• The task: After finding the line with "Hollister Short Shorts. Size 7" in the data below, set down exactly each line through the one with "Aten: Dagskryssning med", inclusive, and stop there.

• Records provided:

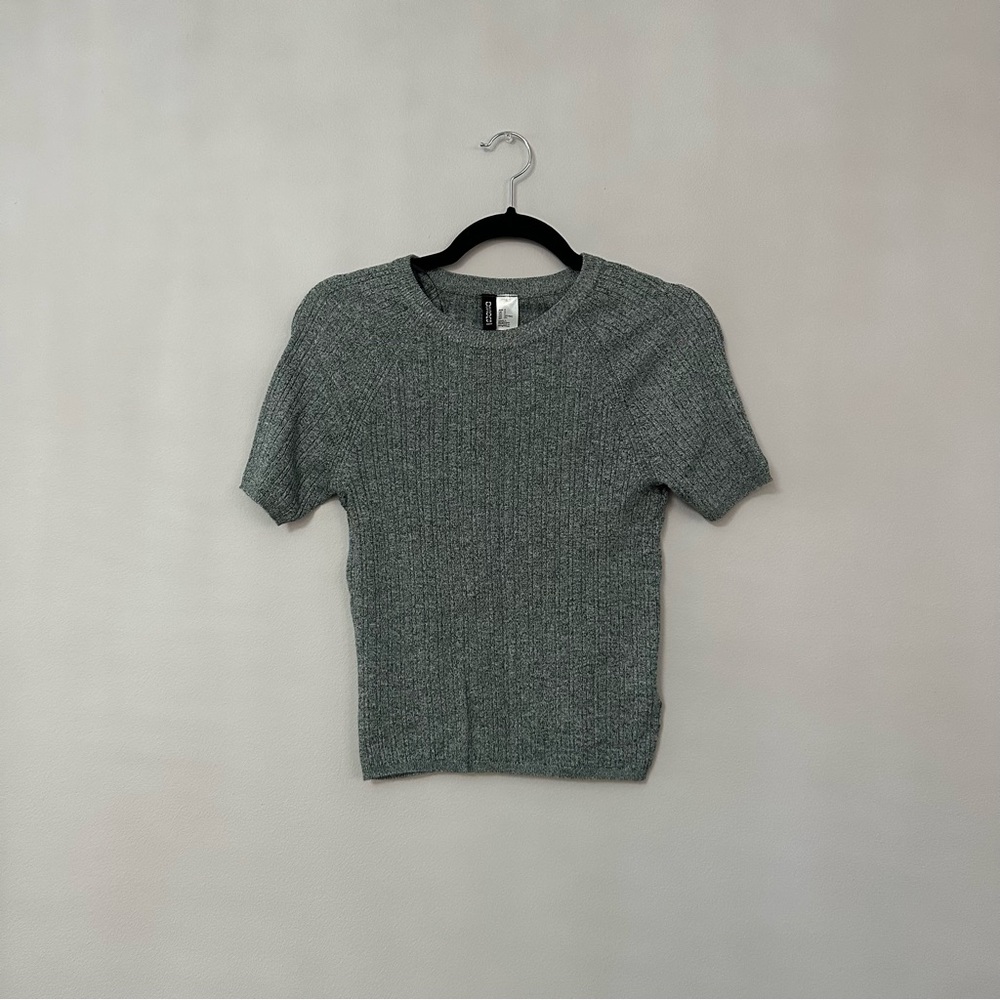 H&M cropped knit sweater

---

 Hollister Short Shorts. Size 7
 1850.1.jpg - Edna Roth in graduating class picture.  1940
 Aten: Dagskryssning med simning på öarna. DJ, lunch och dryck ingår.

--

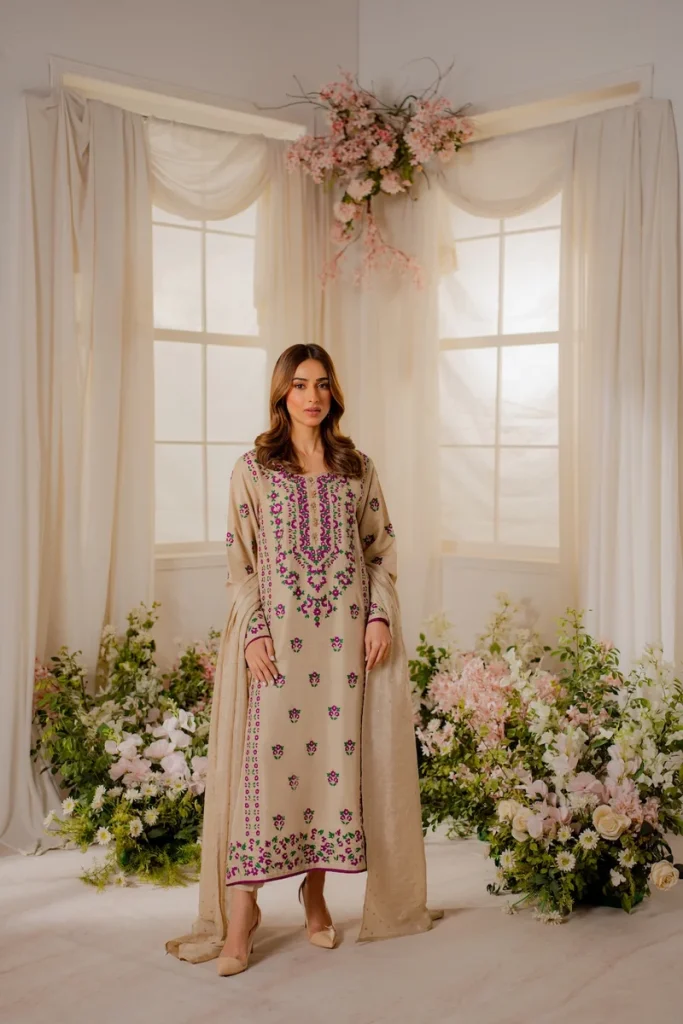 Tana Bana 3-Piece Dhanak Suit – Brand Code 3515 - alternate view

• Solution below:
 Hollister Short Shorts. Size 7
 1850.1.jpg - Edna Roth in graduating class picture.  1940
 Aten: Dagskryssning med simning på öarna. DJ, lunch och dryck ingår.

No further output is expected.